Question :
Récemment, j’ai lu la Bible, et il semble que le peuple juif ait négligé sa mission. Tout au long de la Bible, le Seigneur demande au peuple de « proclamer Son nom » (Isaïe 12,4 ; Psaumes 105,1) et « de chanter des louanges à Son nom » (Psaumes 68,5), fait des éloges à ceux qui « connaissent Mon nom » (Psaumes 91,14), et il y a d’innombrables autres références à Son nom.
Pourtant, dans toutes mes rencontres avec des Juifs, ils semblent faire exprès de ne pas mentionner Son nom. À la place, ils Le désignent vaguement comme « le Tout-Puissant », « le Très Haut » ou « Hachem », ce qui, ai-je compris, signifie « le nom » en hébreu.

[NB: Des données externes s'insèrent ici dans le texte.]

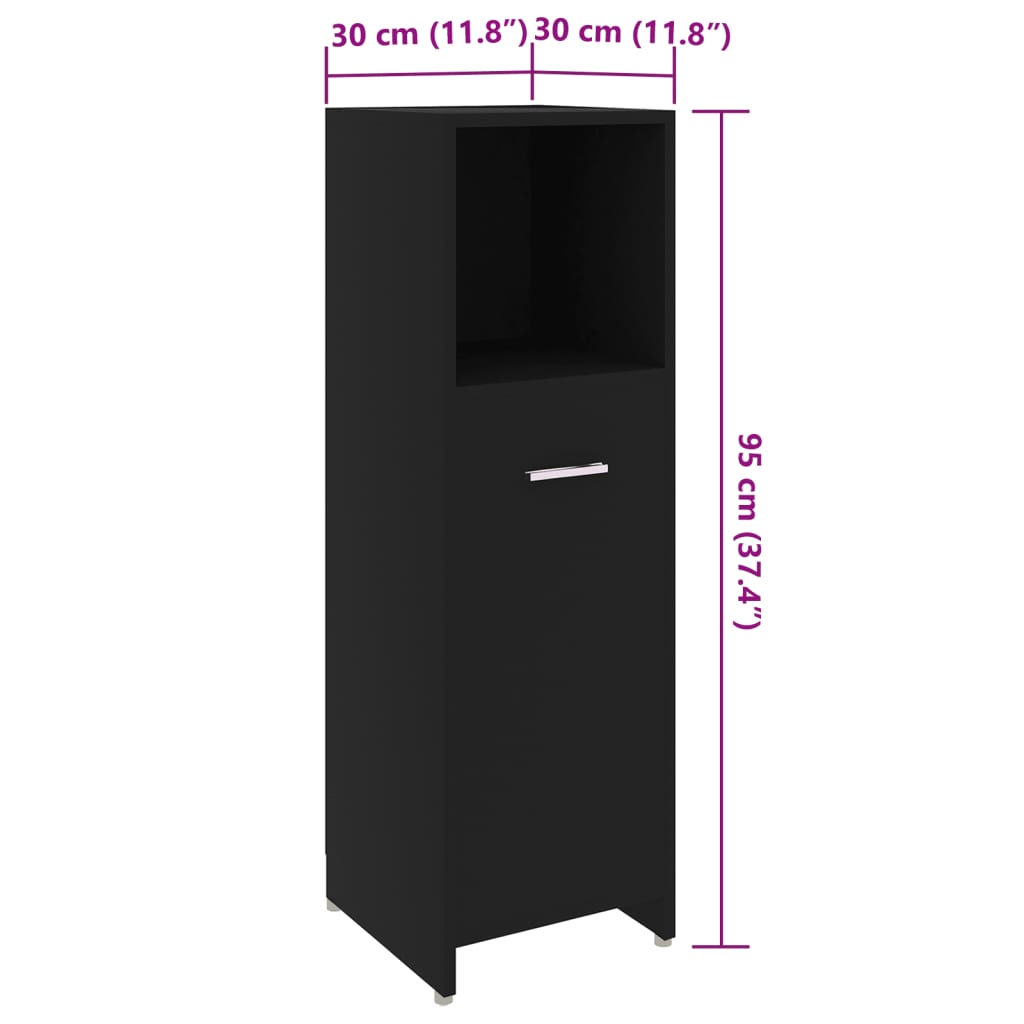 Dulap de baie, negru, 30x30x95 cm, lemn prelucrat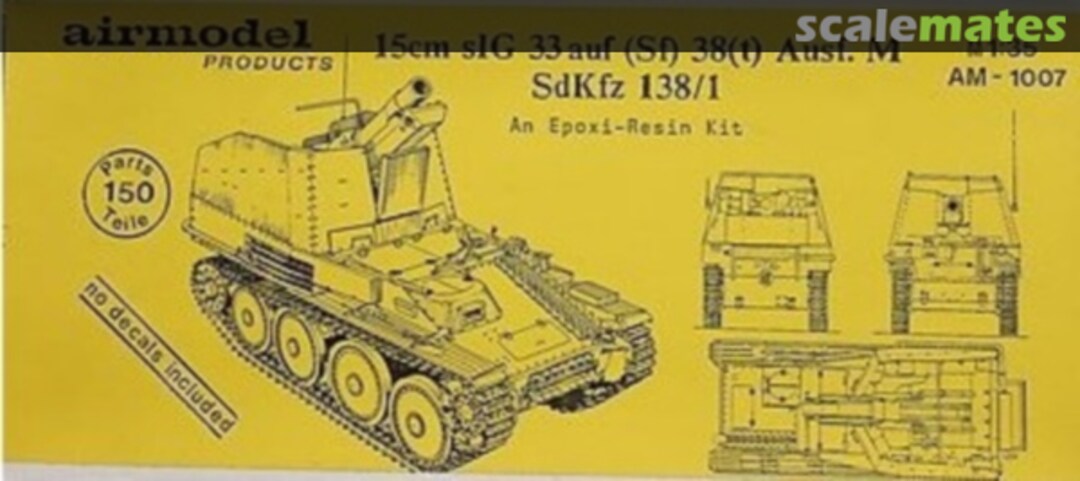 Boxart 15cm sIG 33 auf (Sf) 38(t) Ausf.M Sd.Kfz. 138/1 AM-1007 Airmodel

Pourquoi les Juifs n’obéissent-ils pas à D.ieu en « proclamant et en louant Son nom » au lieu de tourner autour du pot ?
Réponse :
Vous avez vraiment mis le doigt sur quelque chose. Nous, les Juifs, évitons à l’extrême de prononcer le nom de D.ieu. (Remarquez que nous ne l’écrivons même pas normalement lorsque nous écrivons le mot français pour désigner D.ieu. Voir : Pourquoi n’écrivez-vous pas « D.ieu » correctement ?) De fait, nous veillons à ne pas prononcer les noms de D.ieu en dehors de la lecture de la Torah ou de la prière.
Notre prudence découle d’une interprétation du troisième des Dix Commandements : « Tu n’invoqueras pas le nom de l’Éternel, ton D.ieu, en vain ». Traditionnellement, ce commandement est compris comme se référant à l’usage impropre du nom de D.ieu dans un serment frivole. Cependant, c’est dans toutes les circonstances que l’on s’abstient de prononcer le nom de D.ieu, excepté dans le contexte de la prière et de l’étude de la Torah.
Selon Maïmonide, le grand codificateur juif :
« Il n’est pas seulement interdit de prononcer un faux serment, mais il est également proscrit de mentionner l’un des noms de D.ieu en vain, même sans prêter serment. Car le verset nous enjoint de “craindre Son nom glorieux et redoutable”.1 S’abstenir de ne pas le prononcer en vain fait partie de cette crainte.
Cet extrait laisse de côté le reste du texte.